Print version ISSN 1808-8694

Braz. j. otorhinolaryngol. vol.78 no.6 São Paulo Nov./Dec. 2012

http://dx.doi.org/10.5935/1808-8694.20120039 

ORIGINAL ARTICLE

 

Protocolo de avaliação da amusia - exemplo português

 

 

Maria Conceição PeixotoI; Jorge MartinsII; Pedro TeixeiraIII; Marisa AlvesIV; José BastosV; Carlos RibeiroVI

ILicenciatura (residente ORL Centro Hospitalar e Universitário de Coimbra)
IIMestre (Audiologista Centro Hospitalar e Universitário de Coimbra)
IIILicenciatura (Professor de Música Colégio do Rosário - Porto)
IVMestre (Terapeuta da fala Centro Hospitalar e Universitário de Coimbra)
VLicenciatura (Assistente hospitalar Graduado de ORL Centro Hospitalar e Universitário de Coimbra)
VILicenciatura (Director de Serviço ORL Centro Hospitalar e Universitário de Coimbra)

Endereço para correspondência

 

 


RESUMO

A amusia é uma disfunção que compromete o processamento musical.
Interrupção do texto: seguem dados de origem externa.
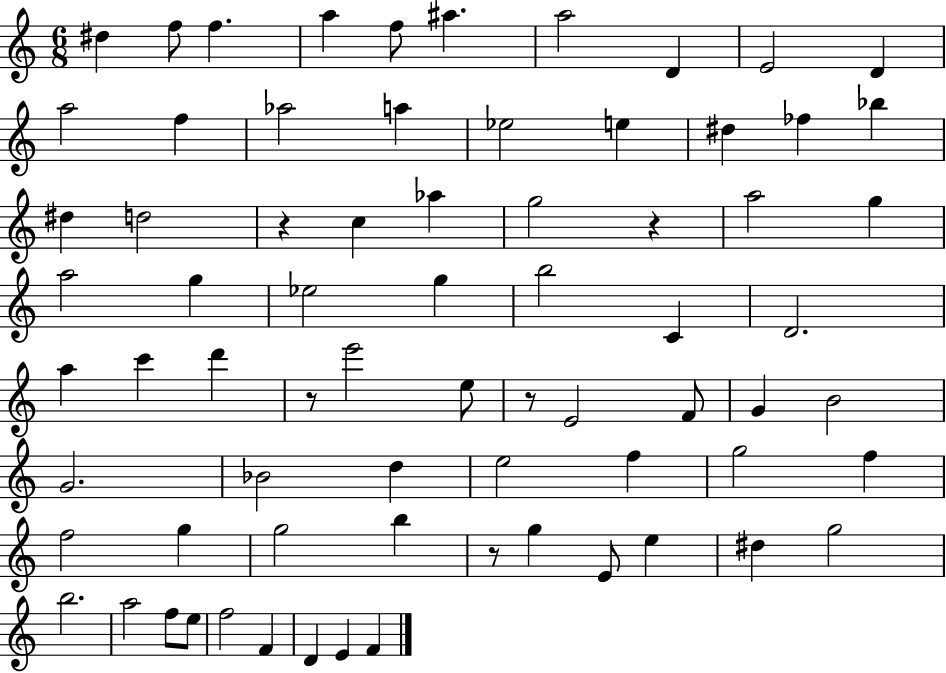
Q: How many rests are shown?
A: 5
Parte desse processamento é feito a nível do cortéx auditivo primário. O estudo dessa afecção permite-nos avaliar também as vias auditivas centrais.
OBJETIVO: Explorar os testes de avaliação diagnóstica da amusia.
MÉTODO: Os autores propõem um protocolo de avaliação para doentes com suspeita de amusia (após lesão cerebral ou por queixas de má percepção musical), paralelamente com a avaliação do processamento auditivo central, já implementada no serviço. A base dos testes de avaliação assenta na Montreal Battery of Evaluation of Amusia. Desta ampla bateria de testes, foram selecionados alguns dos exemplos musicais para avaliação de diferentes vertentes da área musical, nomeadamente memória e percepção musical, capacidade de reconhecimento e discriminação musical. Em termos de memória, foi criado um teste de avaliação da memória tardia, adaptado à cultura portuguesa. Estudo prospectivo.
RESULTADOS e CONCLUSÕES: Embora ainda em fase experimental e com possibilidades de ajustes na avaliação realizada, considera-se que esta avaliação, aliada ao estudo do processamento auditivo central, permitirá compreender algumas lesões e disfunções centrais, congênitas ou adquiridas, que limitam a percepção auditiva.

Palavras-chave: avaliação da deficiência, diagnóstico, doenças auditivas centrais, transtornos da audição.


 

 

INTRODUÇÃO

O estudo das alterações musicais data da origem da neuropsicologia. Em 1865, logo após Broca ter descrito o primeiro caso de alteração da linguagem como resultado de uma lesão na área frontal do hemisfério esquerdo, Bouillaund descreveu a primeira série de casos nos quais várias capacidades musicais foram perdidas em consequência de uma lesão cerebral. Estas são comumente referidas como amusias1.

A amusia é uma disfunção que compromete o processamento musical, embora também possa englobar a memória e o reconhecimento musical.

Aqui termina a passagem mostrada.